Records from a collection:
━━━

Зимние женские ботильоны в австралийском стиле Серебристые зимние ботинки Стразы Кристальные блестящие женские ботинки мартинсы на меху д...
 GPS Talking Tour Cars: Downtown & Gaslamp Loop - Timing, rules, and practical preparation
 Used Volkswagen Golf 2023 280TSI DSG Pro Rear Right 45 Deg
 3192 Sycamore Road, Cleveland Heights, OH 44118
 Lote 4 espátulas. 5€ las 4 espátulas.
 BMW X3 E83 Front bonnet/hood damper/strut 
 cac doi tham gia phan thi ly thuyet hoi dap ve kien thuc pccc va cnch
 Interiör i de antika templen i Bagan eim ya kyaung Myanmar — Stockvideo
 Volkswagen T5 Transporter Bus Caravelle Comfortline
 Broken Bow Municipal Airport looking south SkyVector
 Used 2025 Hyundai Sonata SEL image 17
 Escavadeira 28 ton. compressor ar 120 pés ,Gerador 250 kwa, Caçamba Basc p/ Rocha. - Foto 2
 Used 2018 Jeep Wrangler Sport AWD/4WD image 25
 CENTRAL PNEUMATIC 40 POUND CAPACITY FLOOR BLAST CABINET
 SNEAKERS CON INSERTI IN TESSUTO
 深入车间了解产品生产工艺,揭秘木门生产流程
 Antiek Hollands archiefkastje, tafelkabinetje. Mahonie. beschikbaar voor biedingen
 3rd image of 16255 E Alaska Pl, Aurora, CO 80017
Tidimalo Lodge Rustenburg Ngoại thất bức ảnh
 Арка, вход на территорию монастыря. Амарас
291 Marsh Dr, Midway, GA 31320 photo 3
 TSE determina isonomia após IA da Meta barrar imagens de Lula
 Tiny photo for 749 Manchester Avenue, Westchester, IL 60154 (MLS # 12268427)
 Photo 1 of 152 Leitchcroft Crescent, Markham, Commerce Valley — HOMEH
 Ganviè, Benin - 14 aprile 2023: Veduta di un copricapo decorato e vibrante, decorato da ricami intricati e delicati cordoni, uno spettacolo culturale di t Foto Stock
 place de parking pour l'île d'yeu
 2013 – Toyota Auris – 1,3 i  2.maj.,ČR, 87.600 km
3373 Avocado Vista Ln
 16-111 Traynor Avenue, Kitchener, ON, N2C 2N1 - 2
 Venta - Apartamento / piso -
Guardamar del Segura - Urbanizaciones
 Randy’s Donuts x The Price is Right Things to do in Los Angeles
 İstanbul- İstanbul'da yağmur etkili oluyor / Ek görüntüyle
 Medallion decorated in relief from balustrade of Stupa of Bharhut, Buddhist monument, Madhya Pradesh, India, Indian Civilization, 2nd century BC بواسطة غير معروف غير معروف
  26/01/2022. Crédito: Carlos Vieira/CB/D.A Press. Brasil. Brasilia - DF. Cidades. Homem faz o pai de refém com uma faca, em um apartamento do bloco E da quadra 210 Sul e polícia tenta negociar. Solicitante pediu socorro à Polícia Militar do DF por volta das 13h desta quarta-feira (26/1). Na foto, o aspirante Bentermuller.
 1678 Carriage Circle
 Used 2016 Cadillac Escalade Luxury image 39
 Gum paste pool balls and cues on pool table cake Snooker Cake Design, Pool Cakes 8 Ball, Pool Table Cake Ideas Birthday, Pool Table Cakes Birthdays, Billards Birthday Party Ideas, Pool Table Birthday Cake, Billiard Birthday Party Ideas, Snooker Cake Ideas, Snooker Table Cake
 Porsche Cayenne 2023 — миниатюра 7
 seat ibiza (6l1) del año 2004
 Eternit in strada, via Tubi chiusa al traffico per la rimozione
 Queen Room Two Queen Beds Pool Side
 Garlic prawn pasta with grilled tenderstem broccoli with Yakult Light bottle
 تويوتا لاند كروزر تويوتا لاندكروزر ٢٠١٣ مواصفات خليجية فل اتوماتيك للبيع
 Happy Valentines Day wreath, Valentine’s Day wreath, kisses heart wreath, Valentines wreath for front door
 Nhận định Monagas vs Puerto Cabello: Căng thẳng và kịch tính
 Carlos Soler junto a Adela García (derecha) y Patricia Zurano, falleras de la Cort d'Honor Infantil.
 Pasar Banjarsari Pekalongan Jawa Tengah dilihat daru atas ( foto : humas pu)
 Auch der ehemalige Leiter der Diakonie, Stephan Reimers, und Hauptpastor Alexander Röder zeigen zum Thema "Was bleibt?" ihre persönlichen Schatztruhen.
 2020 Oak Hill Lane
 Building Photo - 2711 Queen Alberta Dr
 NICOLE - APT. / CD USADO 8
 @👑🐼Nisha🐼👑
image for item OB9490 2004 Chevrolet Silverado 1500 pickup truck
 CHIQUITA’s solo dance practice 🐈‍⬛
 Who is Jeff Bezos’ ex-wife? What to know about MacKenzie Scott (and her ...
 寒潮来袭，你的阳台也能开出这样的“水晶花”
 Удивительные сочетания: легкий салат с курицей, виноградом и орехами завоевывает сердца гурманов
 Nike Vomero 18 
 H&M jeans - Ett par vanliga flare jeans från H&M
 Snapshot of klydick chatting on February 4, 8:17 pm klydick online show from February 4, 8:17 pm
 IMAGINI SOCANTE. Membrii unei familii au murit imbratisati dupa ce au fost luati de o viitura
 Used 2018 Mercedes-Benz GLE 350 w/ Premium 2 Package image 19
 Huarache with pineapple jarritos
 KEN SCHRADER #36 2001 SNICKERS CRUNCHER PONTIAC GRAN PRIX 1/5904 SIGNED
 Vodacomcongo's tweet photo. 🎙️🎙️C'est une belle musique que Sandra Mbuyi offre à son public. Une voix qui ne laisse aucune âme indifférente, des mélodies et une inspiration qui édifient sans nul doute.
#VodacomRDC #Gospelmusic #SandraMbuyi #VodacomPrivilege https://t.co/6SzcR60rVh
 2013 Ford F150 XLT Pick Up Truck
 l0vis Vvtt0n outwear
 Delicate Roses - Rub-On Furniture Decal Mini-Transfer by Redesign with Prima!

━━━

* [Instructions for the task]
Only one span of lines is wanted: the line with "Used 2018 Mercedes-Benz" and every line after it to the end of the entries, output exactly.

* [Task response]
 Used 2018 Mercedes-Benz GLE 350 w/ Premium 2 Package image 19
 Huarache with pineapple jarritos
 KEN SCHRADER #36 2001 SNICKERS CRUNCHER PONTIAC GRAN PRIX 1/5904 SIGNED
 Vodacomcongo's tweet photo. 🎙️🎙️C'est une belle musique que Sandra Mbuyi offre à son public. Une voix qui ne laisse aucune âme indifférente, des mélodies et une inspiration qui édifient sans nul doute.
#VodacomRDC #Gospelmusic #SandraMbuyi #VodacomPrivilege https://t.co/6SzcR60rVh
 2013 Ford F150 XLT Pick Up Truck
 l0vis Vvtt0n outwear
 Delicate Roses - Rub-On Furniture Decal Mini-Transfer by Redesign with Prima!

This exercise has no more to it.